As the admin of this web site is working, no question very soon it will be famous, due to its feature contents. https://svpply.com/harriettsamson

Anti Wrinkle Formula

When someone writes an paragraph he/she retains the idea of a user in his/her brain that how a user can understand it. So that's why this paragraph is great. Thanks!

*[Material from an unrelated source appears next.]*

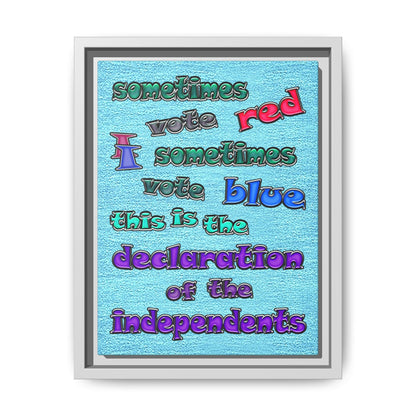 declaration of the independents - framed canvas art (faded blue)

http://xtremenitroreview.org

Excellent post. I used to be checking constantly this blog and I'm impressed! Very helpful info particularly the remaining part :) I take care of such info much. I was seeking this certain info for a long time. Thank you and best of luck.

Cenaless Dieting

Excellent blog you have got here.. It's hard to find high quality writing like yours these days. I really appreciate people like you! Take care!!

Michael

I am extremely impressed with your writing skills as well as with the layout on your weblog. Is this a paid theme or did you modify it yourself? Anyway keep up the excellent quality writing, it's rare to see a nice blog like this one nowadays.

Amino Prime Review

My brother recommended I might like this blog. He was totally right. This post truly made my day. You cann't imagine just how much time I had spent for this information! Thanks!

Anti Aging Serums

I every time spent my half an hour to read this webpage's posts every day along with a mug of coffee.

Ultimate Candida Diets

Hi, I would like to subscribe for this web site to take latest updates, thus where can i do it please help.

bluehost 4.95

The most exciting opportunity for the deserving students will be the study loan provided by bank bluehost 4.95 getting a long period personal loan is specially difficult being a result from the strict conditions and of the loan as well as certain requirements that happen to be demanded through the lender.

Maine SEO REviews

It's actually very difficult in this full of activity life to listen news on TV, therefore I only use the web for that purpose, and take the latest news.

Anti Aging Cream

Hi I am so thrilled I found your blog, I really found you by error, while I was browsing on Bing for something else, Anyhow I am here now and would just like to say thanks a lot for a remarkable post and a all round thrilling blog (I also love the theme/design), I don't have time to look over it all at the moment but I have bookmarked it and also added in your RSS feeds, so when I have time I will be back to read more, Please do keep up the awesome job.

The comments to this entry are closed.